As one competitor noted, there’s actually not much running involved in what Meltzer calls the toughest 50k in the USA. The climbing is hard enough it’s simply more efficient for most runners to “walk” up the trail, one excruciating step at a time.
As hard as this race is, the top two runners in both the men’s and women’s fields came in under the previous course records. Sage Canaday won with a mindblowing time of 5:08 hours—six minutes faster than the previous record set. Anton Krupicka took second just over a minute behind Canaday. In fact, the men were going so fast we were unable to catch them on camera. If you were there, you’d know how impossible that time seems.
About that 5:08, Speedgoat director Karl Meltzer (who we profiled here) put it bluntly: “It’s pretty amazing. 5:08 hours is ridiculous. It doesn’t surprise me with the field, the competition we had. But if you know this mountain, you know this race, it’s retarded. And Tony was right behind Sage closing in. It’s really the race I was looking for.”

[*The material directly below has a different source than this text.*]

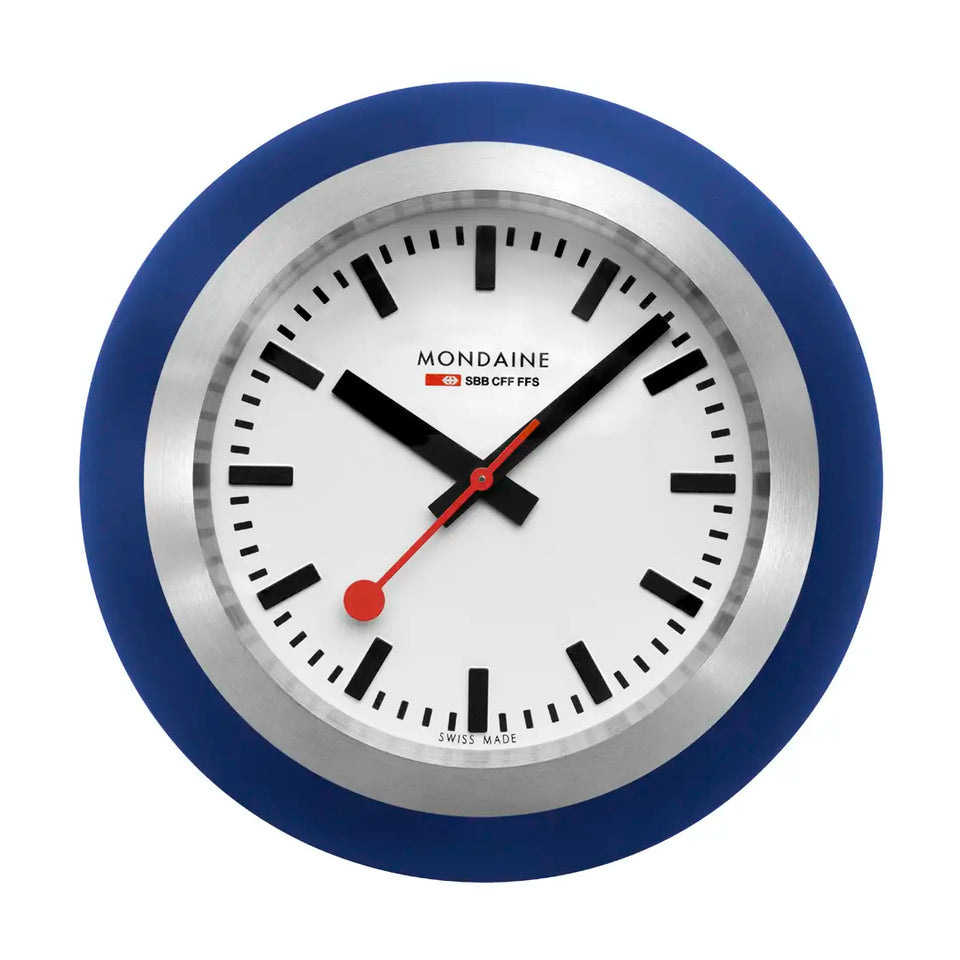 Mondaine Swiss Railways Striking Blue Globe Table Clock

Stephanie Howe crossed the finish line with a time of 6:17 hours, followed about a minute later by second-place finisher Jodee Adam-Moore.
Meltzer credits the weather—overcast with temperatures in the mid-60s— for the fast times.
“The weather definitely played a part,” he says. “Every year it’s always been warmer here. And we had cloud cover all day, really perfect conditions. There’s no doubt we were primed for a record. And the women broke the record, too. The old women’s record was 6:26, today was 6:17.”
Blister reviewer Lance Peterson looked remarkably cool and collected at the summit of Hidden Peak, 26 miles into the race.
This was Lance’s first time running the Speedgoat, and he finished in a very respectable 8:20. We asked him what he thought would be the key to surviving such a brutal race?
Competitors were in footwear that ran the entire spectrum, from heavily cushioned Hokas to the most minimalist sandals.
And then, there were the rocky descents.
Keep in mind: this is what you have to deal with after you’ve already climbed 11,000 feet over the course of 26 miles. It’s like a twisted reward to kick off the final 3200 feet to the finish line.
And it was good to finish.
Having dealt with a painful psoas for most of the race, Blister’s Marshal Olson was extremely happy to finish.
Karl Meltzer was there to personally congratulate every runner who crossed the finish line. “I’m just trying to get the best field I can, and it’s definitely proven to be one of the best 50ks now. Success, right?” Right.
For others, success simply meant a good meal and another PBR.
The Speedgoat after-party in the parking lot was good. But the Sunday recovery brunch was even better.
Speedgoat truly is an amazing race. Congratulations to all the competitors, the volunteers, and Karl Meltzer for making it a remarkable day.
So now the big question: You signing up next year?
Lance Peterson’s answer: “Maybe. The race itself is brutal, but Speedgoat attracts an amazing field of elite runners, and allows the rest of us test ourselves against them and on the very same, amazingly difficult course.”